[Collected data — start]
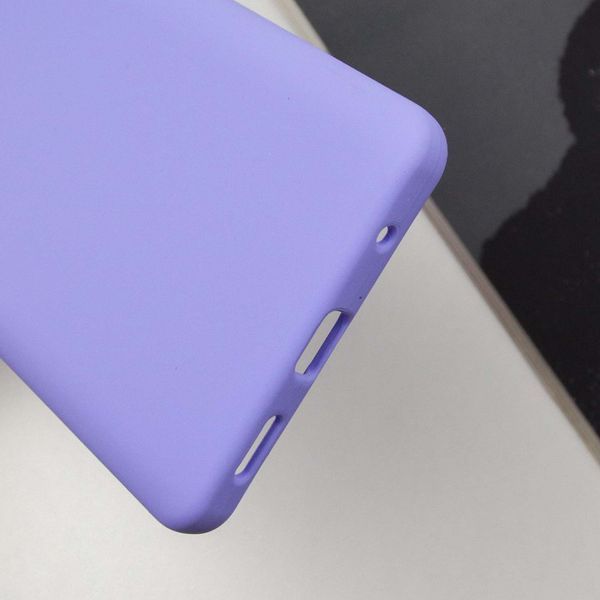 Чохол Silicone Cover Lakshmi Full Camera (AAA) для Xiaomi Redmi Note 10 Pro / 10 Pro Max 64723 фото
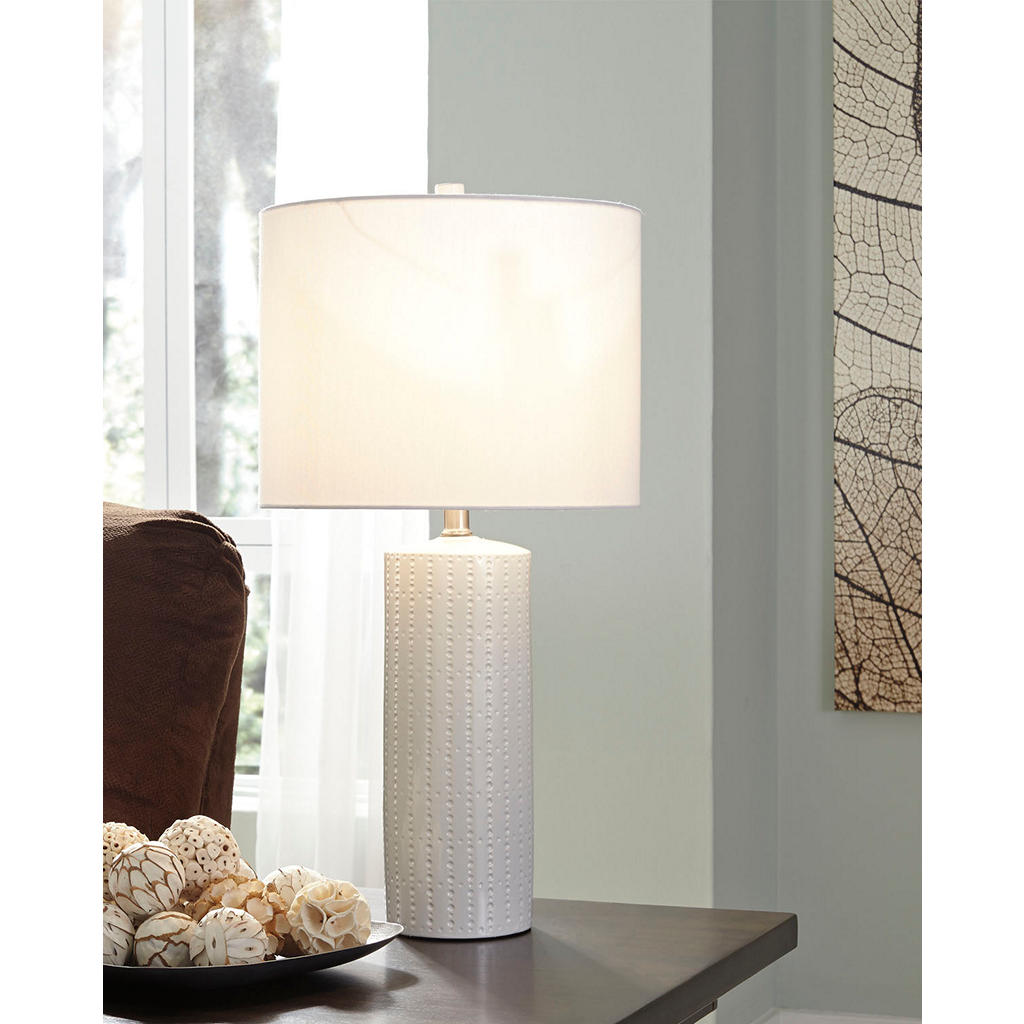 Steuben Table Lamp (Set of 2) Signature Design by Ashley® Lighting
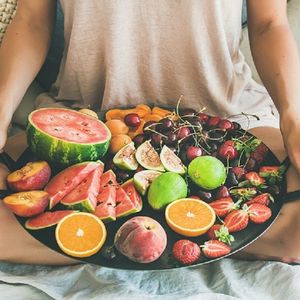 Dieta składająca się głównie z owoców wcale nie jest zdrowa dla naszego organizmu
[Collected data — finish]
**Exercise:**
Print the data again, word for word, without any pictures.

**Written answer:**
 Чохол Silicone Cover Lakshmi Full Camera (AAA) для Xiaomi Redmi Note 10 Pro / 10 Pro Max 64723 фото
 Steuben Table Lamp (Set of 2) Signature Design by Ashley® Lighting
 Dieta składająca się głównie z owoców wcale nie jest zdrowa dla naszego organizmu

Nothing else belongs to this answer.